During a one-year period in 2004, over $110,000 in items were sold on the eBay account belonging to the pawnshop, according to court papers.
Specific stolen items purchased by Liberty included dozens of brand new Armani suits, a $4,500 crystal vase and other artworks from various Seattle glass shops and KitchenAid mixers from Bed, Bath and Beyond.
After receiving a tip, Seattle police began investigating the shop in 2004 using informants who sold stolen property to the defendants. The investigation found that the shop's employees did not document items it was receiving and selling as required by law, failed to record the names of those who sold the shop items, and specifically asked informants to steal particular items of value, according to court documents.
Many of the informants — some of whom were listed on a city roster of criminals supposedly prohibited from selling to pawn shops — reported that they continued their lifestyles of theft and drug use in part because Liberty provided a stable way to trade stolen goods for cash.
Levy was not present during all transactions of stolen goods and might not have even known about all of them, though he was generally aware of the conduct, according to John Hillman, assistant attorney general for the state. The Attorney General's Office prosecuted the case.

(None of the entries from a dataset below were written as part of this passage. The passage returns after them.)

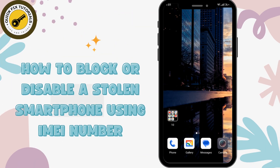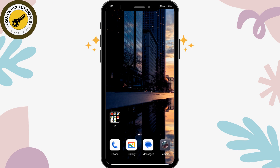How to block or disable a stolen smartphone using IMEI number. The IMEI stands for International Mobile Equipment Identity. This number is like a phone's fingerprint and it's different for every device. It is a 15-digit number which you can easily find on your phone, or by dialing a specific code.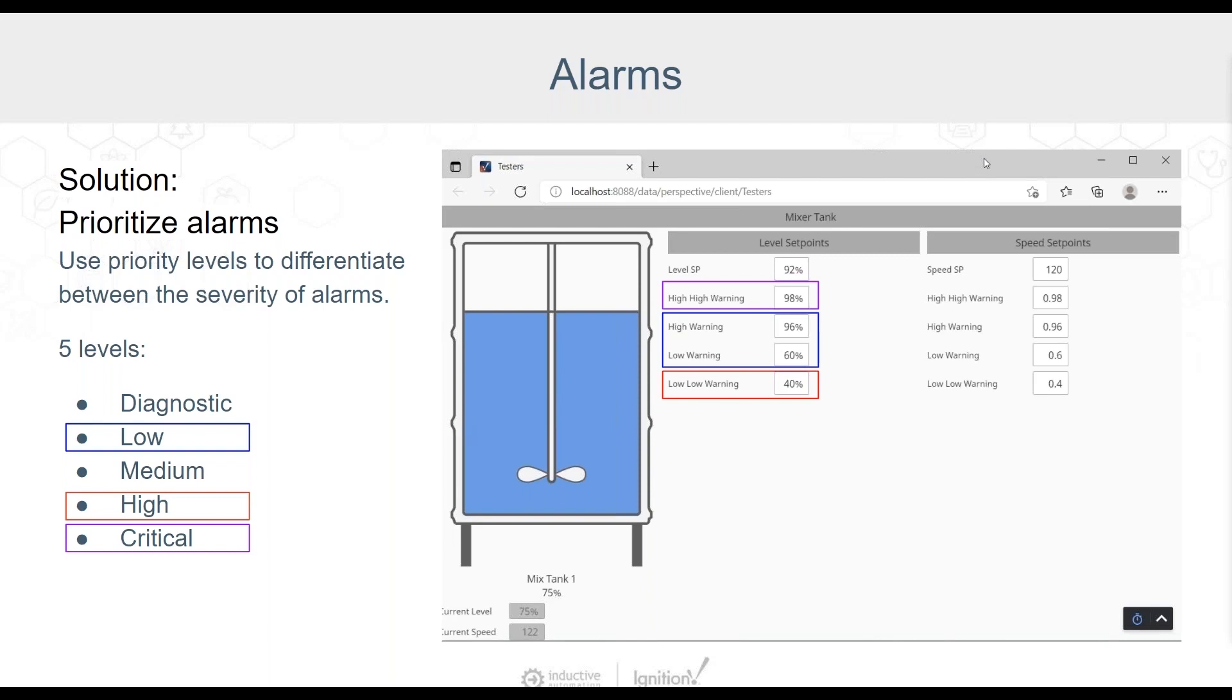In our example for the mixing tank alarms, perhaps it makes sense to keep the low and high alarms as low priority, but set the low, low alarm as high priority and the high, high alarm as critical priority. An operator or someone tasked with overseeing alarms on this tank may want to filter their alarm table to only show higher critical alarms to focus on higher priority alarms only. Now let's take a look at another common mistake regarding alarms.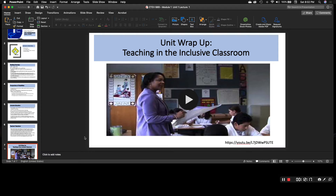To wrap up this unit, there is a video for you to watch called 'Teaching in the Inclusive Classroom.' It has different examples and different school settings — please take a look at it. You will enjoy it, especially with all the different examples that are available to you. This concludes the last slide. If you have any questions, feel free to email me, and I look forward to continuing the course with you. Have a fantastic start to your week.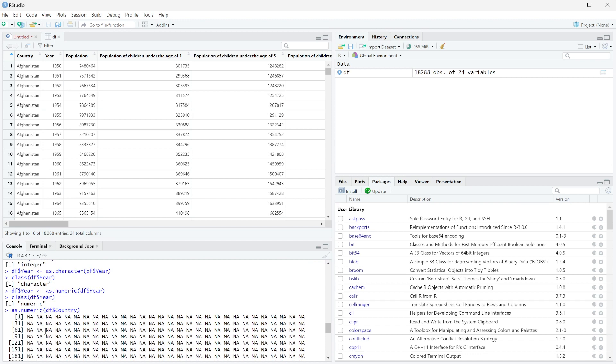So this is one thing to be careful of: if you want to make sure that this is going to run, don't set it to df$country because then you're going to lose all of that information and you're going to have to re-import your file.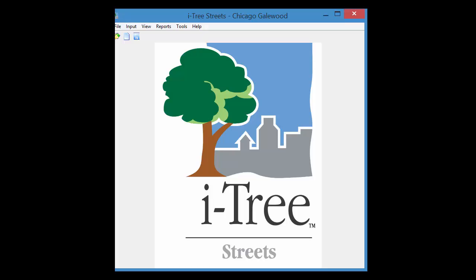It's a little bit different than the old PDA application and I would strongly suggest reading page 30 which discusses some of the limitations and tips in the i-Tree Streets manual that you can see right here.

King County Superior Court Judge Dean Lum also sentenced Levy to one year of jail suspended on the condition that Levy complies with probation requirements for two years following release from prison. Levy was also sentenced to pay about $86,000 in costs. At the defense's request, the judge allowed Levy to report to prison Monday due to health concerns.
Leslie Calvo pleaded guilty to six counts of trafficking stolen property, two counts of possession of stolen property, one count of unlawful use of proceeds of criminal profiteering and one count of solicitation to commit theft. She is scheduled to be sentenced on July 25.
Richard Calvo, who is scheduled to be sentenced Aug. 15, pleaded guilty to one count of trafficking stolen property and one count of theft.